It was sunny in New York on Wednesday where business remained brisk in Brooklyn's Flatbush district, home to many of the city's hundreds of thousands of Haitian-Americans. However, for most residents here, life changed forever on January 12, when a massive earthquake hit their homeland. Hundreds of thousands lost their lives, were wounded or became homeless.
"This is a tragedy," said Ruth Lucie, who lost 17 relatives that day. When asked how she copes with her enormous loss, she praises, rather than blames, God. "The Lord knows why He let that happen. I don't know. I have a lot of hope in God. That's why I can stand in front of you." Without faith, Lucie said she might literally die from sadness.

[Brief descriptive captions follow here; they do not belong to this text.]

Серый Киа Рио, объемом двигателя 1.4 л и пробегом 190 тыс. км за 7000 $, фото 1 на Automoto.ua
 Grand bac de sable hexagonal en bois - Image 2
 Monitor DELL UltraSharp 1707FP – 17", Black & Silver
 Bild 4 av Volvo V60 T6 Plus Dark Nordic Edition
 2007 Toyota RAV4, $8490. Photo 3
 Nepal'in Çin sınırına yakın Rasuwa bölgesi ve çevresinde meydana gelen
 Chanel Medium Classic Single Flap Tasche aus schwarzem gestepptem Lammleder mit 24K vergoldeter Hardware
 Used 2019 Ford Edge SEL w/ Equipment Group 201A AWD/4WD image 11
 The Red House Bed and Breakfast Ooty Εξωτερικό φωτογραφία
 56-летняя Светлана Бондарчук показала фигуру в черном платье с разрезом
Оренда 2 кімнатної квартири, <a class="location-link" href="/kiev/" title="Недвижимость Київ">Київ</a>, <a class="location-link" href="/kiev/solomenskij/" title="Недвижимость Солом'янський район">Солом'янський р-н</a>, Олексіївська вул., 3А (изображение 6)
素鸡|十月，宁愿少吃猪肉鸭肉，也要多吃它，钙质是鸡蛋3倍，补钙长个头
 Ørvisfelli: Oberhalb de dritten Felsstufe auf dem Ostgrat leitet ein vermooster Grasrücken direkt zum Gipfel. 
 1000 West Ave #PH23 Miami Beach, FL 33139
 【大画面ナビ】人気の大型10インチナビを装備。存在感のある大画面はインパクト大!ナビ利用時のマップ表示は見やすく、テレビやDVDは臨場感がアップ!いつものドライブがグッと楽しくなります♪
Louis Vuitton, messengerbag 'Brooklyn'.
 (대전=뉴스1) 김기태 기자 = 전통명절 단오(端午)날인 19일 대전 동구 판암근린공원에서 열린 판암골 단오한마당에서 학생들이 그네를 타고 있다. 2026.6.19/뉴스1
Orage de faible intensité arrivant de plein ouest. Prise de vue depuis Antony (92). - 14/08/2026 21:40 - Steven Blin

At the Bedford Haitian Community Center, one of dozens of grassroots groups across the city that is collecting donations of food, water, clothing and medical supplies for earthquake victims, 28-year-old volunteer Shamir Henri is still digesting the recent news that his aunt, uncle and their children are homeless as a result of the quake. "As for everyone else, we don't know. It's chaotic over there. It's crazy."
Shamir is a Catholic who advocates prayer but he wonders whether he will ever understand God's role in the catastrophe. "We could ask all we want, but we won't get answers."
Like many Americans who have contributed money to charity and aid organizations like the Red Cross in the past week, Alex Pierre also wrote a check. But he yearns to do something more "hands-on" and personal. He said that being so far away from the scene is difficult for him.
"If I was in Haiti when the earthquake happened, I could go and help somebody that's injured, somebody that's passed away, take them to the cemetery. And, here I sit in my living room and there is nothing that I can do and that's killing me inside."
A morbid cast hangs over Rincer's Multi Services, a storefront office run by Haitian-Americans that helps clients with translation, tutoring, immigration paperwork and other tasks. Worker Andree La Fleur said she's received many calls from clients canceling visa applications for their relatives in Haiti because they've been killed. Last week's disaster became very personal for her as well when she learned that her six-year-old nephew had died.
La Fleur often thinks about children who died anonymously in the streets of Port au Prince, Haiti's capital, where the earthquake was centered. She knows many bodies were buried in mass graves for public health reasons. "Their parents don't know where they are." Le Fleur feels for the mothers and fathers who might want to go to the cemetery to grieve for their children. "You can't do it because you don't know where they are. Nobody in Haiti is going to forget this day."
Children have been deeply affected by the tragedy. Ten-year-old Terrel Nicholls is not Haitian-American, but many of his schoolmates are. He said he feels bad for people down in Haiti. "We have everything, all the stores and all the food here. And down there, they hardly have anything." When asked what he would wish for them, he answers without hesitation, "I hope they feel better and I hope it don't happen again."
Whether the strong aftershock that Haiti experienced Wednesday will bring more in its wake, or whether its beleaguered residents will have the time to grieve and rebuild, is an open question. Meanwhile, Haitians, both at home and abroad, watch, wait and do what they can.